Maureen Johnson is known — at least in my book — as one of the queens of YA romance: light, fluffy plots; high adventure; swoon-worthy romances. Nothing too heavy, nothing too dark … the perfect, accessible, fun beach read.
So, the plot of The Key to the Golden Firebird caught me slightly off guard. It’s darker than her other books: May Gold’s dad died of a heart attack a year ago, and she, her two sisters (one older, Brooks; and one younger, Palmer) and mother have been trying to scrape by. The Golden Firebird in question is her dad’s 1967 Pontiac, which has basically been sitting in the garage gathering dust since the day he died. May just turned 16, and the big event in her life is getting a driver’s license. But since her mom works nights at the hospital and May is at school and works during the day, there’s no one to teach her. Enter next-door neighbor and nemesis Pete.

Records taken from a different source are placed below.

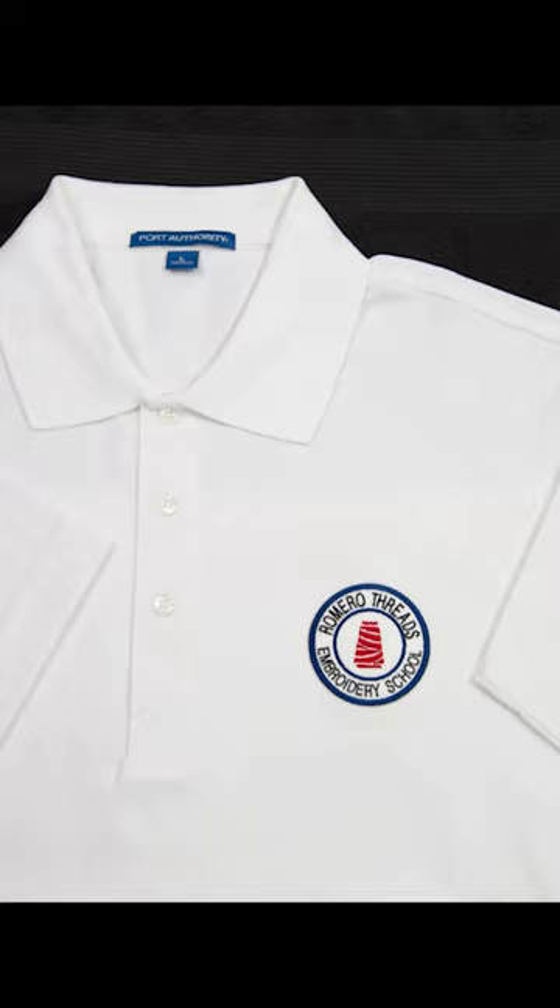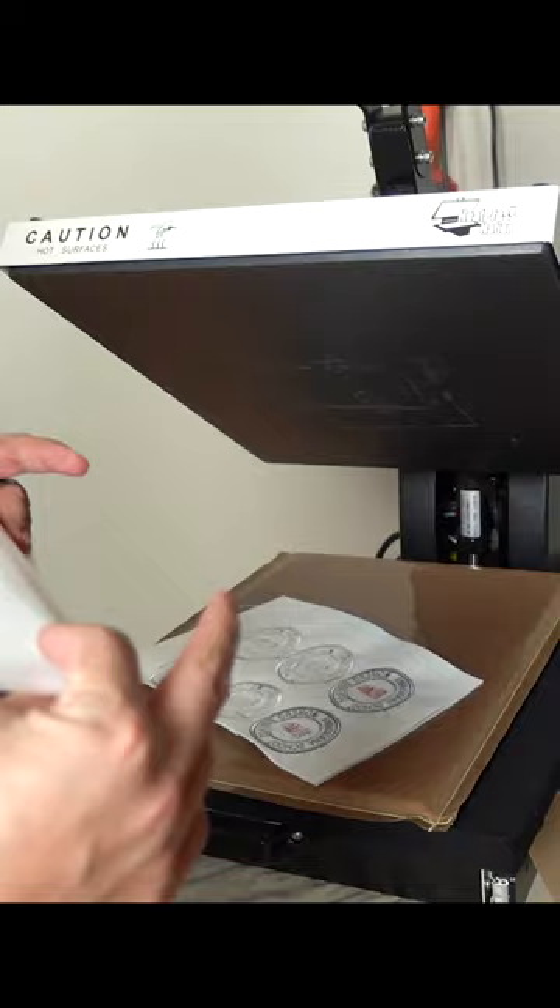How I prepare iron-on patches: once my embroidery is all complete, it's now time to apply the adhesive backing at the heat press. This is where my embroidery and my adhesive sheet become one.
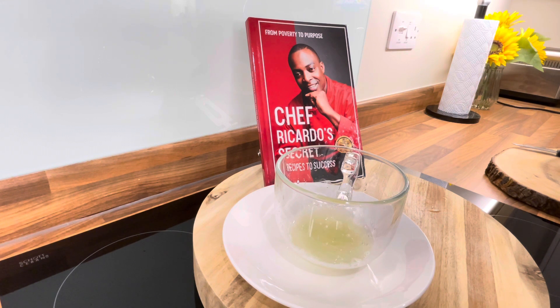Drink it first thing in the morning — it is very, very good. We have different kinds of recipes, but this one is particularly effective.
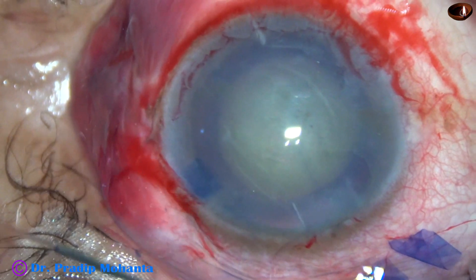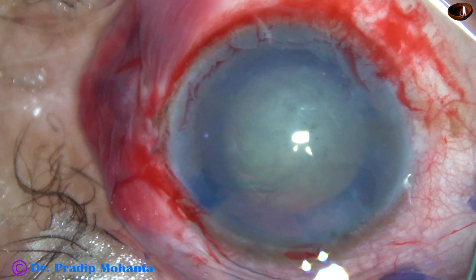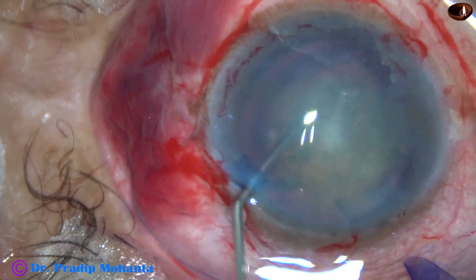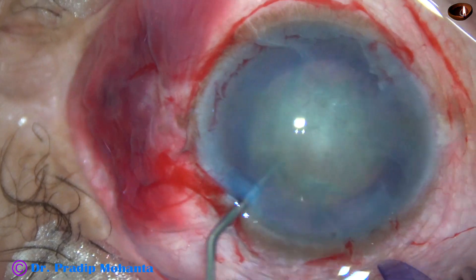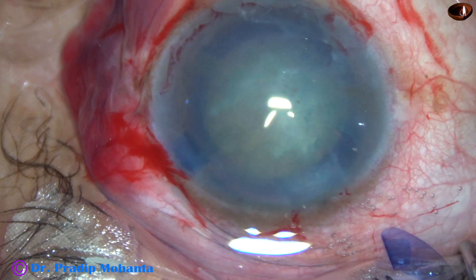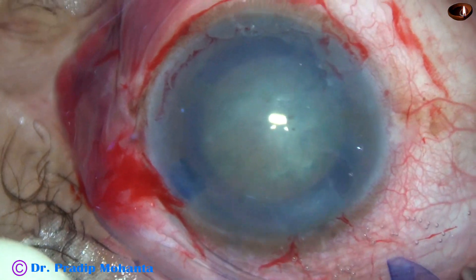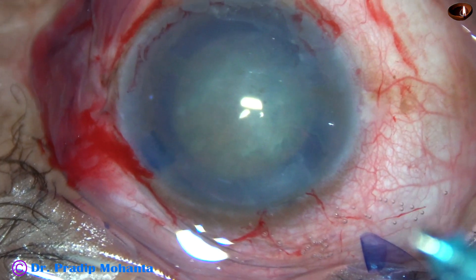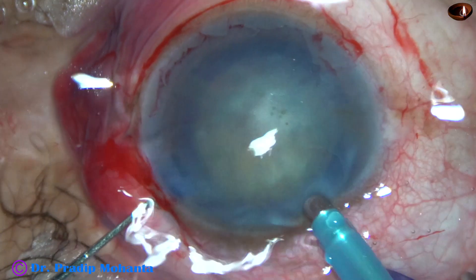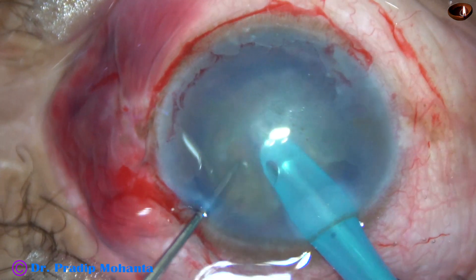Now we can see that the cataract is not soft — it is a quite hard cataract. Nuclear sclerosis is about grade 4. I am doing hydrodissection. Nuclear rotation is done. And now is the time to introduce the tip of the phaco needle. Irrigation is on, and some superficial cortical lens matter is removed.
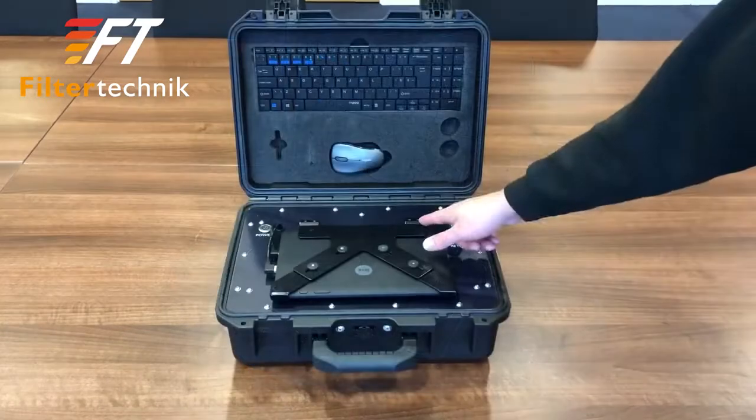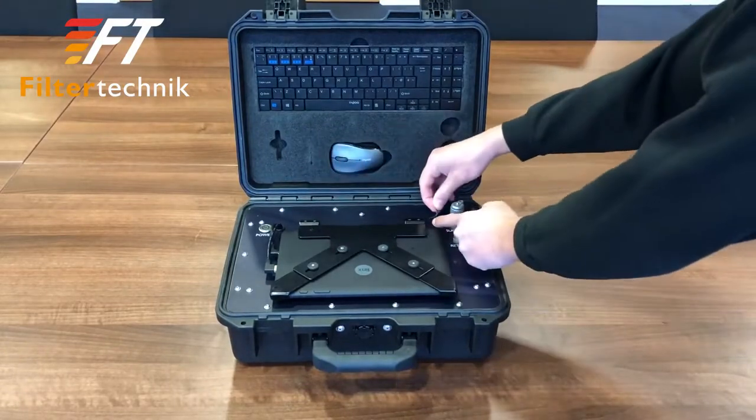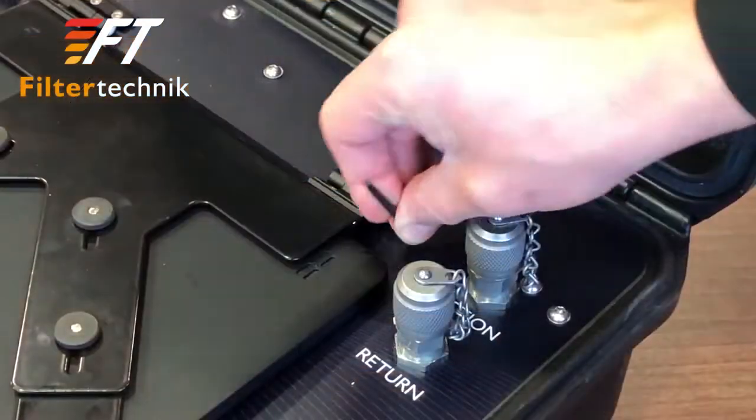Here we have the hinges on the back of the tablet. The allen key is used to adjust the tablet's hinges if for whatever reason this loosens.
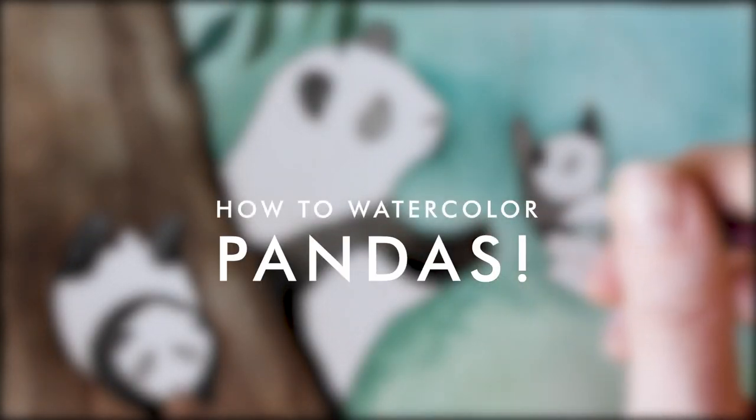Hello there guys and welcome to the making of pandas.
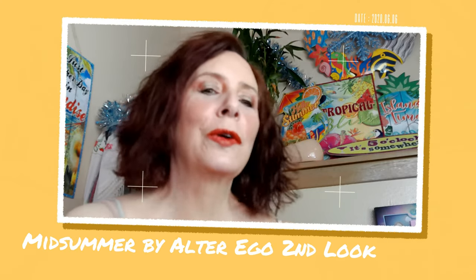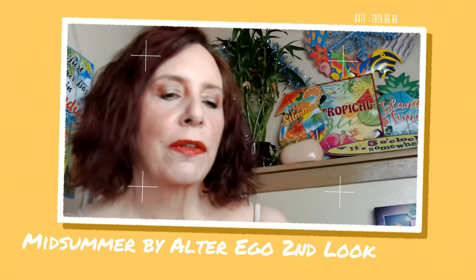Hi, it's Adrienne. How are you doing? I'm back with a new-to-me palette — actually it's a pretty new palette — and I'm doing a look, so I thought I'd go ahead and show you what I did.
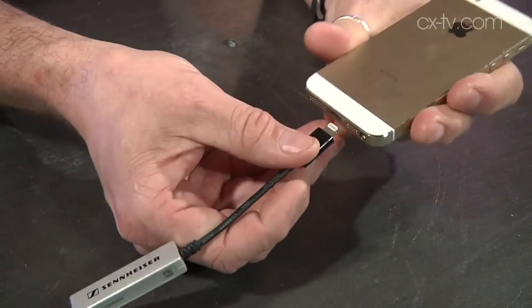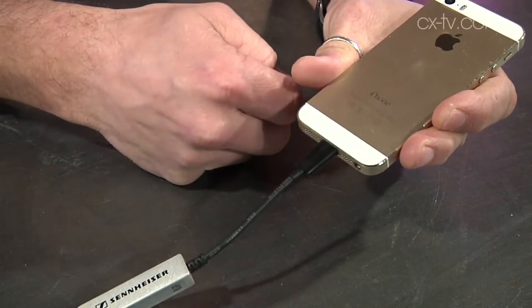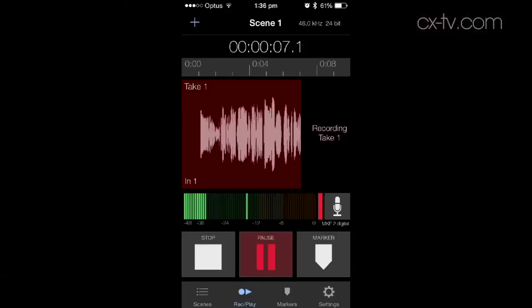And that all terminates in a plug that goes into your iPhone 5, 5S, 6, or indeed an iPad of the same sort of generation. From there, you run this little piece of software called Meta Recorder, which gives you manual gain control over the capsule. We are in fact recording this right now — everything you're hearing is being recorded off the MKE2, which is attached to Jason's chest.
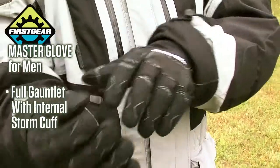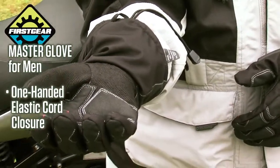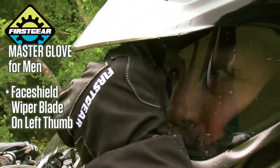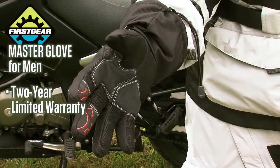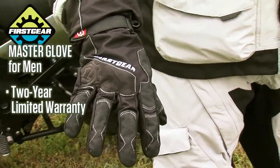It features a full gauntlet with an internal storm cuff to keep out the elements and a one-handed elastic cord closure. An adjustable wrist strap for a custom fit, a face shield wiper blade on the left thumb, and a two-year limited warranty make the Master Glove from First Gear the logical choice for adventure riders.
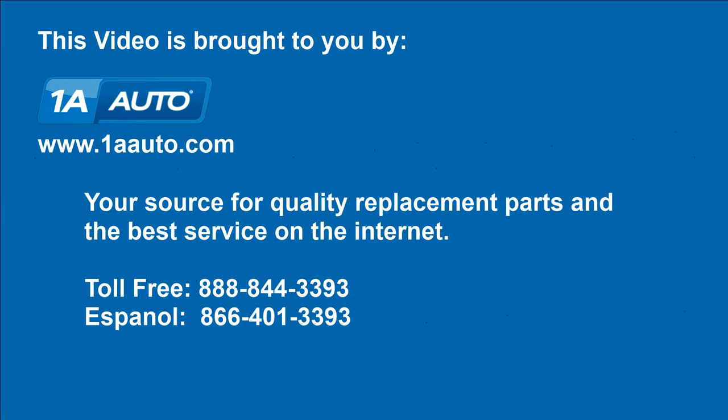We hope this video helps you out. Brought to you by 1AAuto.com, your source for quality replacement parts and the best service on the internet. Please feel free to call us toll free, 888-844-3393. We're the company that's here for you on the internet and in person.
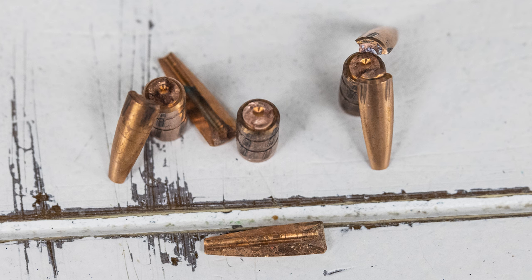So: Hornady Sub-X in seventh place, the new three-petal design from Gorilla is sixth, and the older four-petal design if you can find it would be fifth. In fourth place — and it's difficult to put them here because I really did love them when I first bought them — it's the 198-grain Lehigh Controlled Fracturing, which had an average penetration of 16 inches.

It turns out that dealing with loss is a lot more difficult than any of the Gold sisters would have thought. They’re all dealing with it in different (yet all equally miserable) ways: Brooks comes home every night completely smashed and quits the softball team. May throws herself into being responsible and working hard at both her job and school. Palmer retreats into herself and her softball but finds it difficult to sleep at nights. It’s not until everything comes crashing down around them during the summer that they find a way to deal with their loss and move on.
This one is not as swoon-worthy as some of her other books, but there’s still much about it that I love in her writing. It’s funny; it’s full of characters you can’t help but love. It’s full of wacky adventures, misunderstandings, and times when you just want to hang people by their toenails for being stupid. It’s not my favorite of her books (that would be Suite Scarlett or Girl at Sea), but it’s definitely worth reading.
Rated: High for teenage drinking and sex — mostly just talking about other teens doing it.